I love art in unexpected places – especially when it adds colour to an everyday object or location. In 2008, Kelly Goeller created ‘Pixel Pour‘, a 3D interpretation of water pouring from a faucet in an almost video game, pixelated way. Recently, Goeller created ‘Pixel Pour 2.0′ on Mercer Street in New York City. The brilliant blue is so striking against the industrial surroundings and the layers of blocks really give the sense of a piece of video game magic emerging onto the street. Hoping to see more of these clever street art installations!
Ever stare at the paint chip wall at the hardware store and think that it looks like a piece of art? Canadian artist Peter Combe took that idea a step further by shredding designer size paint swatches and hole punching paint chips to create large art installations. I love the fringe-like texture of the shredded swatches and the reptile skin look of the layers of hole punches. It is really impressive how Peter finds the perfect colour swatches to create such detailed portraits. I think paint chips should be used as an artistic medium more often!
Sarah Illenberger is a Berlin-based artist and photographer that constructs such whimsical and joyful pieces. Watermelon, with its bright green exterior, hot pink interior and striking black seeds, is the perfect medium for this colourful photo. A piece of melon becomes a happy pink raincloud. I love it!
Olly Moss is a brilliant British illustrator and designer. I especially love this illustration – his colourful and clever take on a seesaw!
Living in a coastal rainforest like Vancouver has immeasurable benefits including lush green surroundings, snow-capped mountains and mild winters. Sure, one too many grey days can cause mild frustration but it seems that a gloriously sunny stretch almost always follows a rainy one. Another side benefit? Those daily transitions of weather create beautiful light shows and rainbow patterns reflecting off of lingering raindrops. Have you ever walked into your living room and a chunk of random rainbow appears somewhere? I love when those bits of magic are captured like this photo by Catriana van Rijn. By reflecting on a rustically textured chair, the rainbow takes on new dimension and life. I kind of wish that pattern chair was sold somewhere…

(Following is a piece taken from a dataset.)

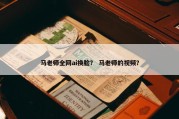 马老师全网ai换脸？ 马老师的视频？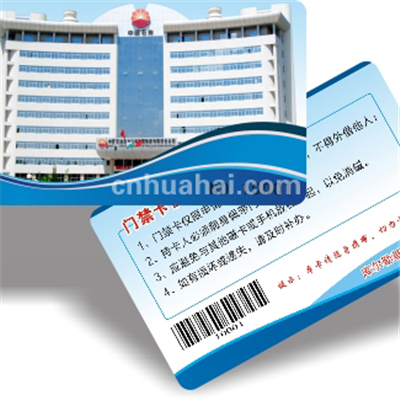 Fudan M1 smart access card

Diem Chau carves crayons (and sometimes pencils) with mind-boggling artistry and attention to detail. She turns everyday crayons into tiny, exquisite sculptures. Diem creates custom pieces for anyone seeking a crayon version of their family, friends or animals. I love her commissioned word currency and chinese zodiac sets and their corresponding colour choices. Diem also created one-of-a-kind metallic crayon cravings of iconic World Cup athletes for Nike. I love the way they were packaged and displayed in an engraved wood stand. I just love Diem’s work and would love to go to an artist or designer’s wedding and see her crayons as the cake topper!